Recent publications (Fortun et al., 2017; Seaver, 2014) have reinvigorated the slumbering anthropological interest in computation first initiated by Hymes’ (1965) edited volume The Use of Computers in Anthropology decades ago. This interest runs parallel to a burgeoning interest in the ethnographic study of data and algorithms (Christin, 2020; Knox and Nafus, 2018). Yet barring a few exceptions (e.g. Beaulieu 2017; Cunningham, 1996), most discussions of data and computers put forward by anthropologists have not explored the benefits these new changes in methods, software, and computing power might bring for the discipline.

Most discussions of ethnographic methods vis-à-vis computational tools and data science methods are put forward by sociologists (Abramson et al., 2018; Nelson, 2020), or by scholars working in cross-disciplinary research endeavors (Blok et al., 2017; Moats, 2021; Moats and Seaver, 2019) or in digital methods (Munk, 2019). Despite a growing number of instructive cases coming from such new constellations of research, more examples of how computational tools can be of pragmatic benefit to anthropologists are much needed. More precisely, what is needed is quite concrete, simple, and instructive writings that can complement classical anthropological and ethnographic methods. As junior scholars and students of anthropology and social data science that have been engaged with these questions in recent years, our aim with this commentary is to lay out a few starting points for budding ‘machine anthropologists’.

In doing so, we point to three ways in which anthropologists can incorporate digital and computational methods and techniques into their methods toolkit. These are (1) how scraping social media can complement ethnographic research by providing a broader contextualization; (2) how working with quali-quantitative methods can create ‘thick’ datasets that are non-traditional yet ethnographically salient; and finally (3) how fieldnotes may be recorded and processed using programming and software in order to enable more sophisticated analyses of ethnographic observations. By way of pointing to these three, we will make the case for why anthropologists should learn how to program, and what such a shift might mean for the discipline.

Using digital methods in conjunction with fieldwork

The field of digital methods has been in a sprawling development in recent years, creating a host of tangible tools for studying online worlds and social media platforms, as well as epistemological and methodological frameworks for how to use the internet not just as an object of study but as an infrastructure for studying the social world (Marres, 2017; Rogers, 2013).

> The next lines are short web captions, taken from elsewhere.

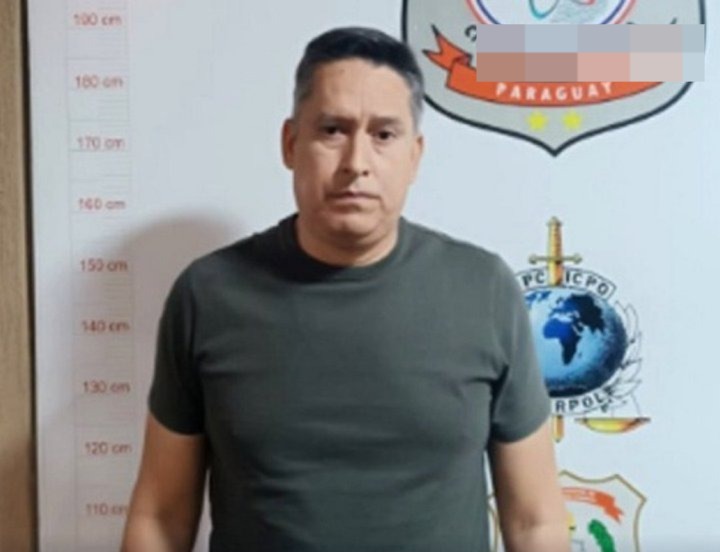 EN PLENO ALLANAMIENTO |

🗣️ Oscar Cabreira Pinazo se disparó en la cabeza con un arma de fuego, cuando la comitiva ingresaba a su domicilio.

#1000Noticias #1000am 📻🎙️

➕ INFO en: 👇

1000noticias.com.py/2025/08/07/pre…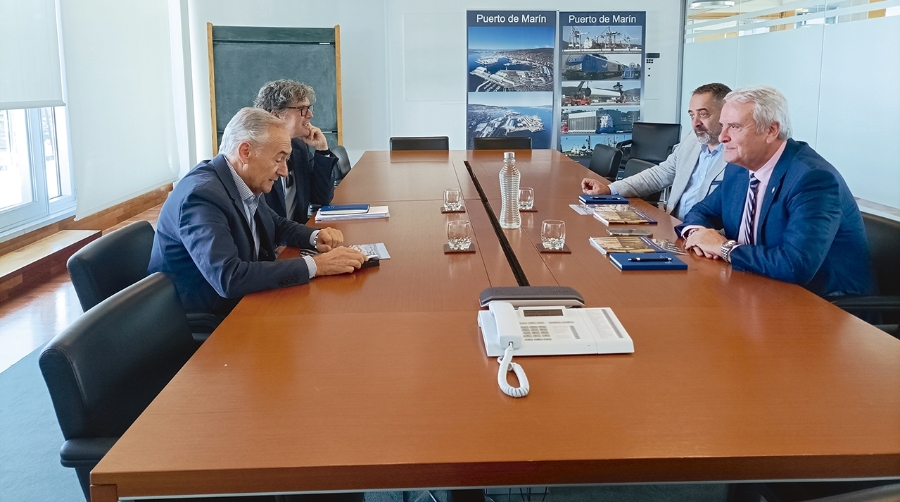 El presidente de la Autoridad Portuaria de Marín y Ría de Pontevedra, José Benito Suárez Costa, recibió ayer a Víctor Martín, presidente de la Comisión Marítima de FETEIA-OLTRA, y a Juan Uhía, vicepresidente de la Federación y presidente de ATEIA Galicia.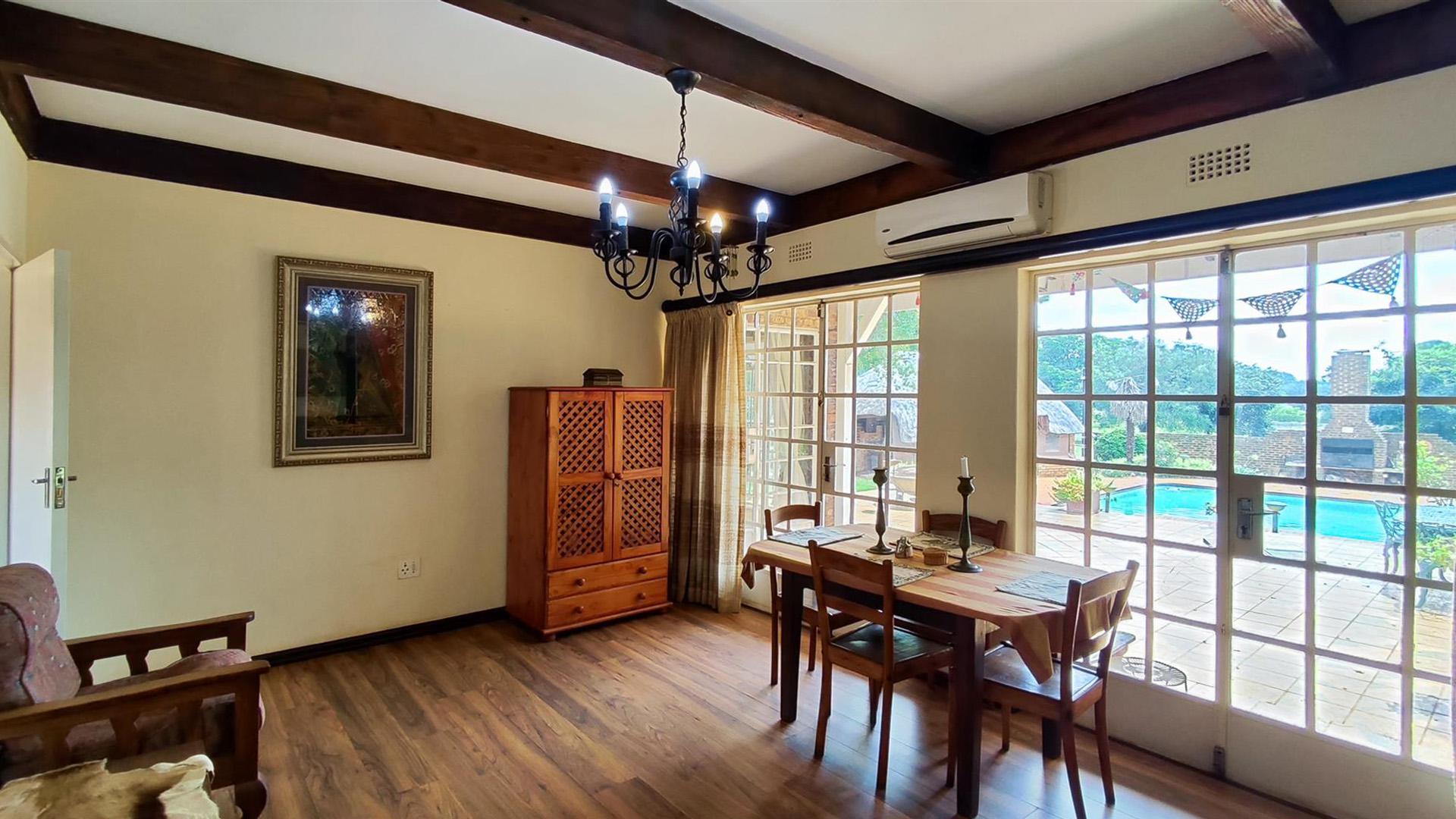 Dining Room - 28 square meters of property in De Deur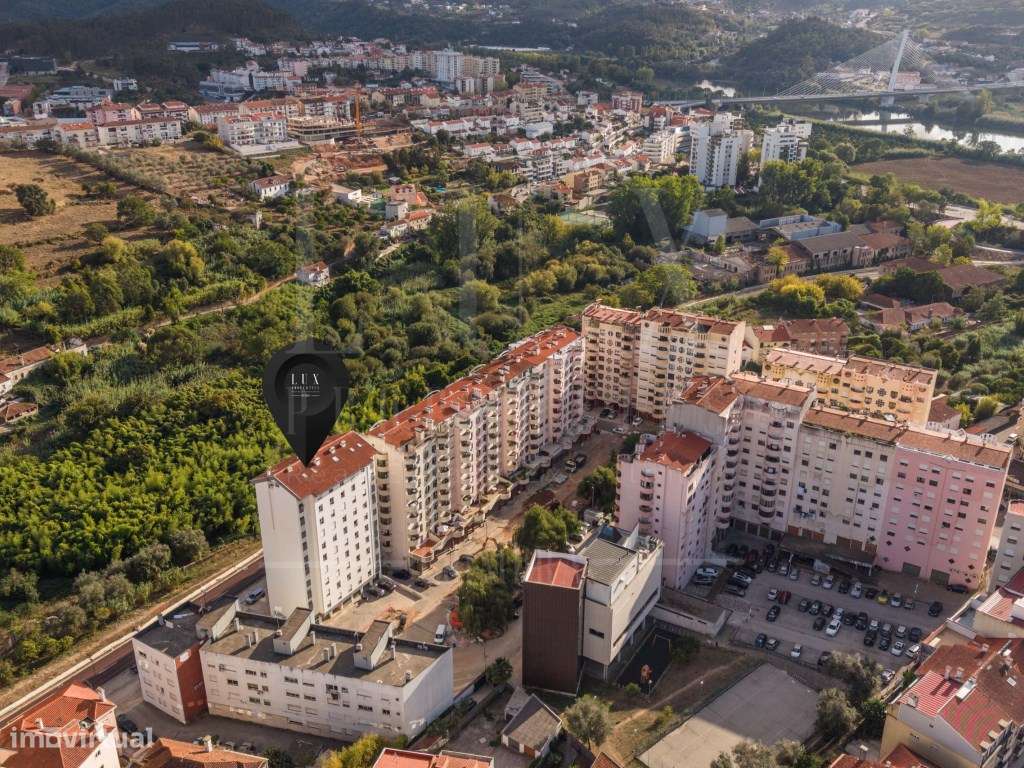 Apartamento T4 com Garagem | Rua Sanches da Gama, Coimbra-31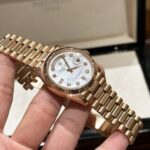 Rolex Day-Date Mother of Pearl Replica Watch Rose Gold EW Factory 36mm - Image 4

Borrowing inspiration from digital methods, in 2019 we set out to study the communication strategies of the center-of-left Danish political party, Alternativet (‘The Alternative’), using a combination of web scraping techniques and classical ethnographic interviews. We aimed to analyze tweets from the user profile of the party itself as well as by the political leader Uffe Elbæk. A dataset was created by setting up a script in Python, which we used to download 17,408 tweets between 8 January 2013 and 11 October 2019. The tweets were collected with consent and permission from the party.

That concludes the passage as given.